There are three drivers for Democratization of APM in my point of view:
- Automated Visibility
- Artificial Intelligence
- User Experience
Automated Visibility and APM
One of the elementary values of APM is giving the user visibility into their applications so that the mysterious black box turns into an understood white box.
With the complexity and dynamism of modern cloud native applications and the demand of every APM user getting visibility quickly without having the experts knowledge of doing complex instrumentation, correlation and configuring tons of plugins, democratization requires an APM tool to work out-of-the-box, providing visibility without configuration:
- Attaching to application services and automatically instrumenting critical code, exceptions, logs and distributed calls to other services
- Attaching to processes and services and automatically instrumenting critical metrics and telemetry data, like garbage collection usage, thread states or cache sizes
- Providing automated infrastructure visibility and metadata – especially from cloud environments like AWS but also from container infrastructure such as Kubernetes or DC/OS
- Providing automated visibility into the End-User-Experience by automatically instrumenting client code in Browsers and Mobile Applications
- Providing automated visibility into applications, services and APIs by understanding boundaries, frameworks and deployment units to automatically identify the logical units under monitoring
Artificial Intelligence and APM
We see AI as a support system for the user which could ultimately lead to autonomous operation in the future. Today our AI supports the user to make APM easier to use:
- Providing a Full Stack Application model that keeps track of all the dependencies of services and infrastructure components
- Providing automated and dynamic thresholds for metrics that keep track of the health of single metrics and components
- Providing Key Performance Indicators for each service and understanding a normal behaviour of these KPIs to understand the quality of the service. Automate the process of alerting by understanding anomalies and outliers
- Predict problems by analyzing trends and patterns on the underlying event streams and monitoring KPIs
- Automate root cause analysis by automatically correlating data based on the Full Stack Application Model and the intelligence of predicting and understanding problems
User Experience and APM
The user experience (UX) of APM will change dramatically as democratization gets more important. Not only will every developer need access to important monitoring data, but also new user groups like product managers, site reliability engineers (SRE) and managers will need the information to optimize the business faster and with greater frequency.
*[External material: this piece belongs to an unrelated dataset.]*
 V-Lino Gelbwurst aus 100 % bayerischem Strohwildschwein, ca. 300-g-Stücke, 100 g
This means that APM tools will have to support different users and use cases out-of-the-box.
Experts will want to “slice and dice” data in realtime to support their tasks of optimizing infrastructure and applications and will need to combine this with cost relevant data and business metrics to understand the value and price of each change.
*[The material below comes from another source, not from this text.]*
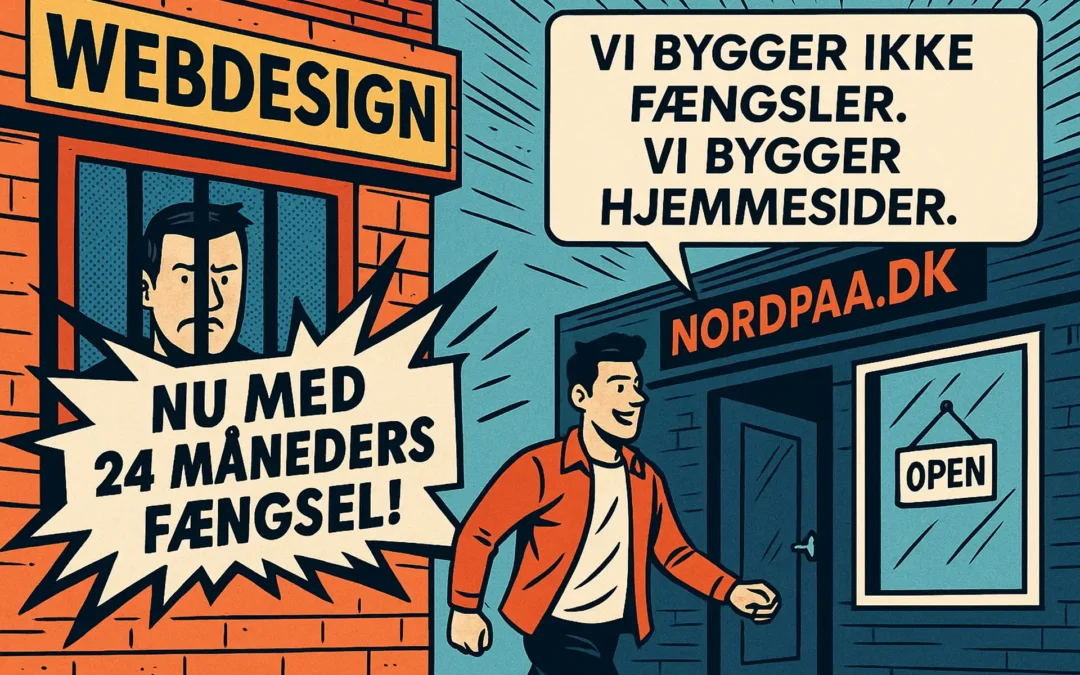 Humoristisk illustration af kunde fanget i bindingsperiode og Nordpaa-medarbejder der tilbyder en ny hjemmeside uden binding.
On the other hand, non expert users will want to have easy access to their information and APM tools will have to present data in a new compatible way – supported by AI to help finding the needle in the haystack and allowing to see optimizations and opportunities quickly.
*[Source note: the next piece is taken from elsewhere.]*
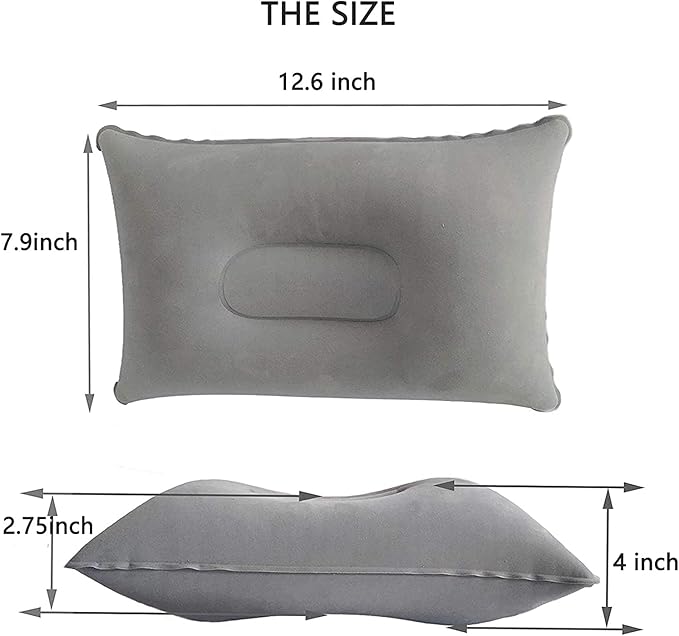 4Pack Ultralight A4 Size Inflatable Travel Pillow, Small Squared Flocked Fabric Air Pillow for Traveling, Holiday Trip, Hiking, Camping,Napping,Neck Lumbar Support(Gray,Sky Blue,Red,Deep Blue)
Democratization of APM and Instana
At Instana, 2018 will be the year of Democratization of APM – we are planning to release our UX 2.0 concept early this year which will change the way APM is used and will allow more users groups to access the highly valuable data the APM provides.
We are also optimizing our Automation and AI to go beyond the advanced capabilities we already have today to provide intelligence for operating modern applications on a new level.
Our team at Instana is really looking forward to 2018, and I am proud to work with such a talented group, including our great customers, to bring APM to every user that needs it.